Don’t agonize, hope is not all lost.

The good news is that it doesn’t have to be this way.

“Non-League Day” was conceived six years ago as a way for supporters of the English Premier League to go out and enjoy their local soccer offerings during the International break.

While those lucky enough to be living in England are encouraged to go out and see their smaller local teams fixtures, what could fans in the States do?


Often times youth or recreational leagues could use an extra linesmen or even referees. If you’re qualified (and fit enough to pace with the young ones) this would be a great weekend to get out and help support your local youth soccer scene.

Be the unsung hero who brings orange slices for the kids after the game!

If being in the middle of the on-the-field action isn’t your thing there may be opportunities to help set up fields or be score keeper. Don’t be shy about offering a hand, as running matches and tournaments is never an easy task, no matter whether it is recreational, academic, or even professional level soccer.

Grab a friend and Watch the Magic

Keep the TV turned off, call another soccer enthusiast who is sulking in their living room like it’s a tomb and go watch youngsters fall in love with the beautiful game.
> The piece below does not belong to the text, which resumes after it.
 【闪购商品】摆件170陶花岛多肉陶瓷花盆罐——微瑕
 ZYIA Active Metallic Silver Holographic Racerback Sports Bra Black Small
A wonderful thing happens when you watch kids participate in sports: you remember, it’s all a game, and everyone who has ever gone on to play in college or professionally started by simply loving it.

Don’t lie, you remember your youthful exuberance.
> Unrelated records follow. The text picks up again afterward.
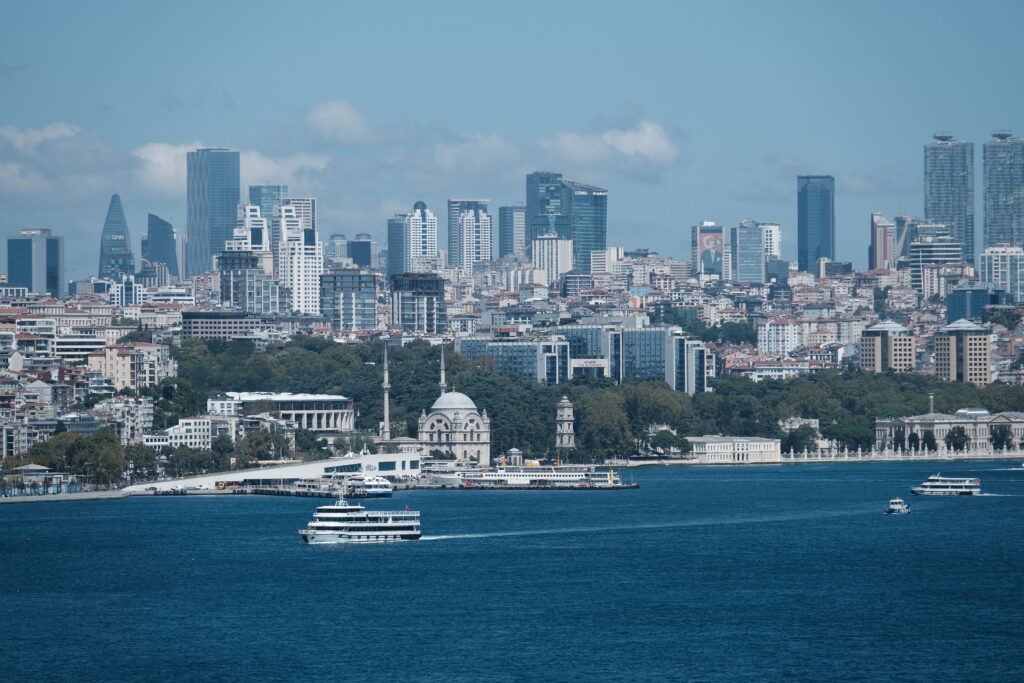 The modern Istanbul skyline from the water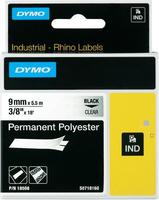Dymo 18508., Dymo RhinoPRO Polyester Labels Schwarz auf Transparent 9mm
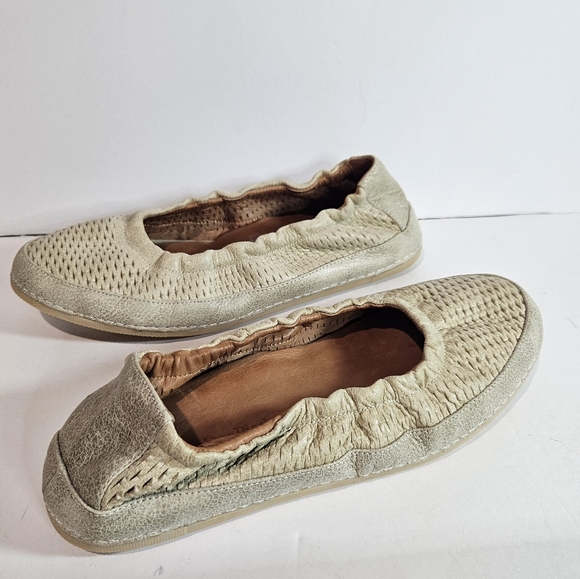 L'amour Des Pieds Womens Leather Ballet Slip-On Flats 8.5 Tan Textured Boho Chic - Picture 10 of 11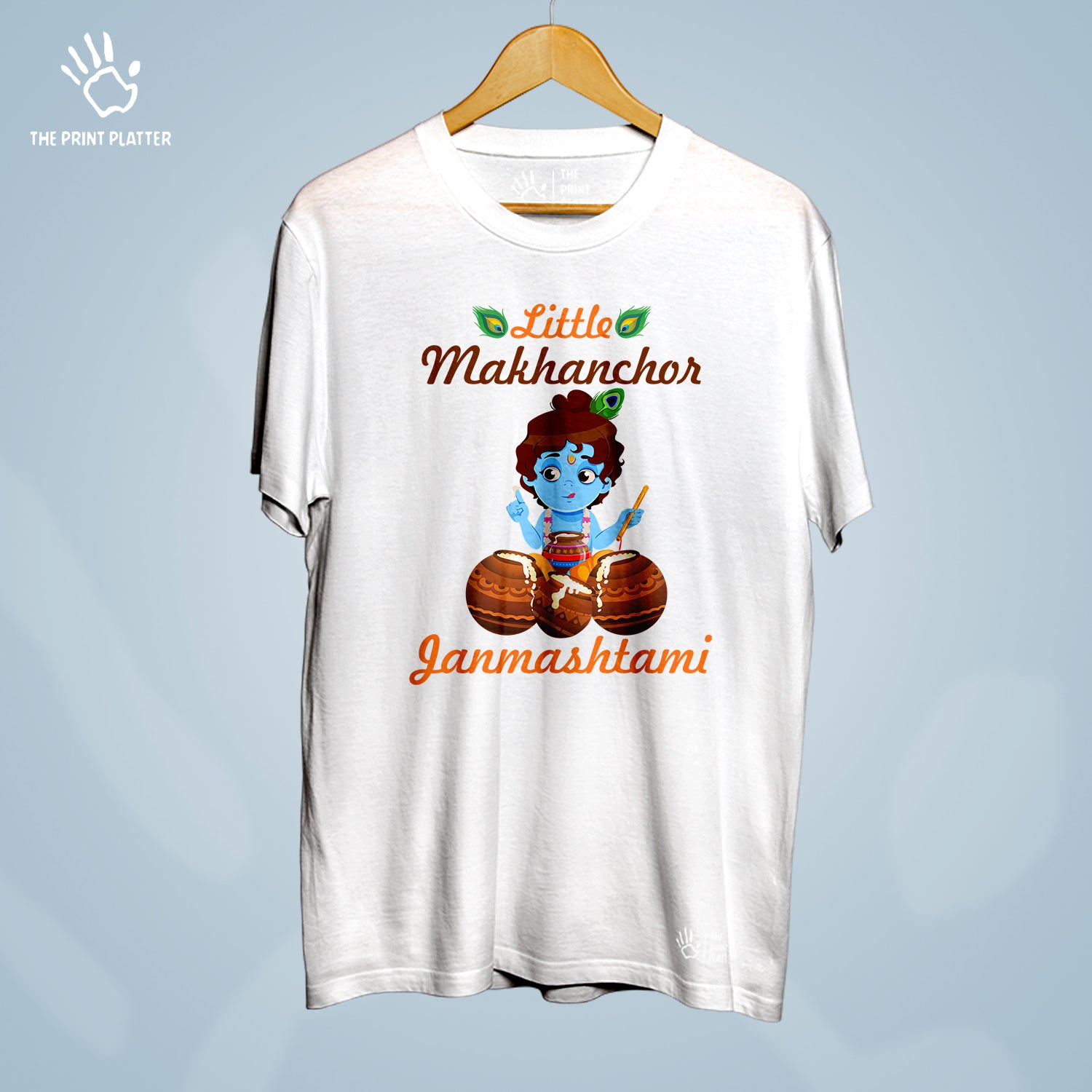 Little Makhanchor Krishna Janmashtami Cotton Bio Wash 180gsm T-shirt | T-R334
We get so wrapped up in standings, transfers, bad-calls, mismanagement, and astronomical salaries when all we watch is the professional game. Seeing kids go out and chase down balls, blast shots on goal, and smile with their teammates and friends is the fastest way to center ourselves and remember why we watch in the first place.

There is also the science behind the fact that some of our best conversations come when we have a distraction that doesn’t require us to make eye-contact. Anyone ever find it easier to talk when driving in the car with someone? The same rule applies when there is a care-free soccer game in-front of you. Actively you’re watching, engaging, watching the play build up, but in-between lulls and quiet moments conversation can just come naturally.

Grab a friend, a big thermos of hot chocolate, and enjoy watching those who are just starting to develop their love of soccer.

Lace-up and Have Some Fun

There are leagues for people of all ages. Soccer benefits from being one of those sports that you can play until you’re forty/fifty/you’re-not-done-until-you-say-you’re-done years old.

Just ask the “oldest winger in town” about when it’s time to quit.

Dickie Borthwick, aged 75 in this photo, has been playing since age 12.

Dickie’s thoughts:

“I have lost a bit of speed, but my thoughts are quick and that really counts. I intend to keep on playing, my legs and knees are still good and sturdy.”

Many times the older generation mixes in wonderfully with the younger players, using experience and trickery to up-end youth and vitality. Grey-haireds and old-heads have a natural confidence on the ball that stems from their understanding that this is all meant to be a good time, no matter the result.

Once again we defer to Dickie:

“I just love to get out there for 90 minutes as often as I can.”

Try to gather people for a pick-up game or small pass and dribble session. Get the blood flowing and feel a little bit of that magic that the pros feel when a ball is at their feet.

Don’t wallow this international break, go participate! Your local scene will appreciate it and you’ll be glad you did.